Recently, I read about a 2005 exhibition at the London Zoo that went one step further in this obsession with the ‘ordinary’. The four-day exhibit was called ‘Humans in their Natural Environment.’ To help zoo patrons understand the humans (picked from an on-line contest), the zoo staff created signs detailing their diet, habitat and threats. According to the exhibition’s curator, one of the goals of the exhibit was to downplay the uniqueness of human beings.
Polly Wills, spokesperson for the zoo, said, “Seeing people in a different environment, among other animals teaches members of the public that the human is just another primate," Wills went on to say, "A lot of people think humans are above all other animals.

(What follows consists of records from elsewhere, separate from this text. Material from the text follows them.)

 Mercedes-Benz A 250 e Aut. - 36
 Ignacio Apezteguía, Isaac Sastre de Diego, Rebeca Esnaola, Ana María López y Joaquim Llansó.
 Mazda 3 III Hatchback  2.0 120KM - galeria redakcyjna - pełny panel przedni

When they see humans as animals here, it reminds us that we're not that special."
One of the participants in the exhibition agreed and also remarked, “We humans are really not that special!”

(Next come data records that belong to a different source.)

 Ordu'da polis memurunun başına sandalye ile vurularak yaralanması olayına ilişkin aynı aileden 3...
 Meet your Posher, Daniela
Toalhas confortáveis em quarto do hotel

What a stark contrast to the words recorded in Psalms 139, where King David writes;
“For you created my innermost being, you knit me together in my mother’s womb, I praise You because I am fearfully and wonderfully made; Your works are wonderful, I know that full well.” – Psalm 139:14-15
In this incredibly reflective Psalm, David begins by celebrating God’s intimate knowledge of him and God’s all-encompassing presence. Like the master weaver, God not only formed the intricacies of David’s internal and external features, but also made us with a living soul, giving us spiritual life with the ability to intimately relate to God. As David contemplates God’s handiwork, he responds with a deep sense of awe, wonder and praise.

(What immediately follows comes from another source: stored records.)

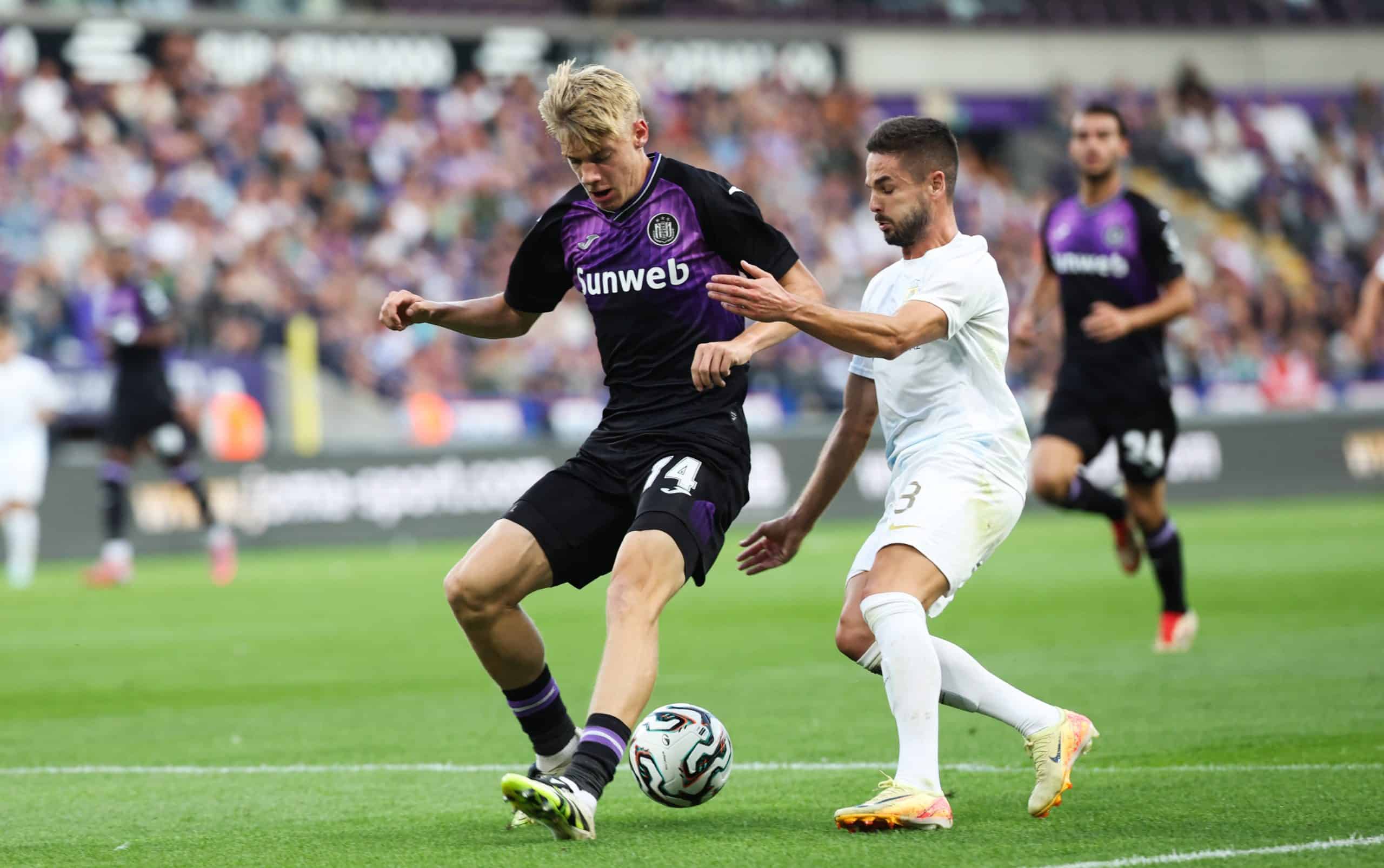 Nathan De Cat (en noir et mauve) lors d'un match d'Anderlecht.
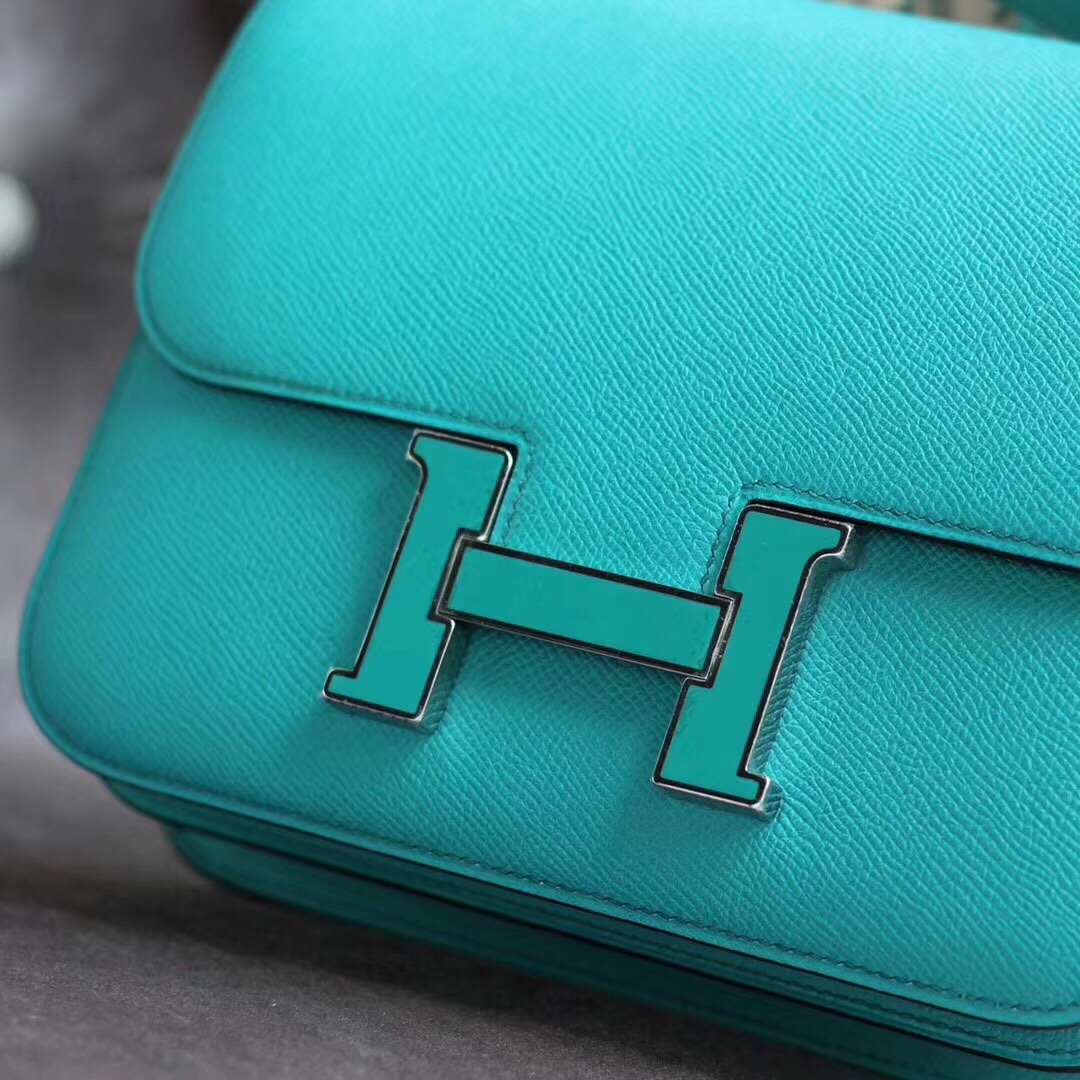 z947780717333_2a737961da8c95a9914688bfc063795a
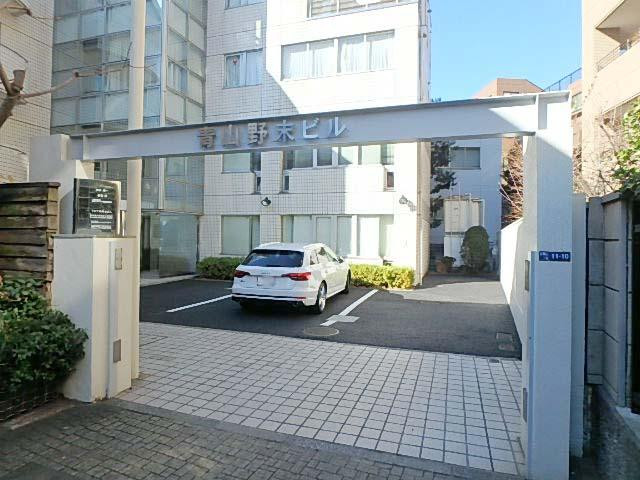 青山野末ビルエントランス①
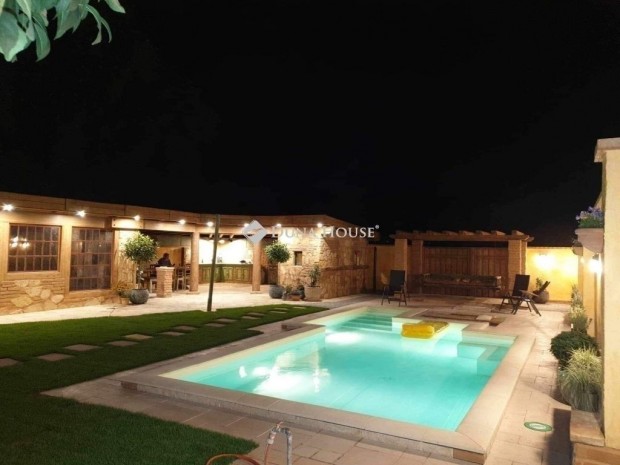 192 nm-es h�z elad� Hal�sztelek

David’s Psalm declares that human beings are special! David wants us to understand and appreciate that we are special simply because God has created us with marvellous uniqueness and the awesome ability to have an intimate, personal relationship with Him.
There are many ways this world would try to tell us we are no more significant or different to any other animal species on this planet. Therefore, we have nothing we can be thankful for, nor should we think there is anything unique about us.
Yet the very thing I would desire is that each student at Heathdale will not only know, but experience deep within their beings, that each and every one of us is marvellously unique. Not because we are superior to any other species on the planet but because we are God’s. We are the result of His workmanship, of His loving hands!
As you travel through this day, may each of us see ourselves in the same manner God sees us. We are marvellously unique because we are His!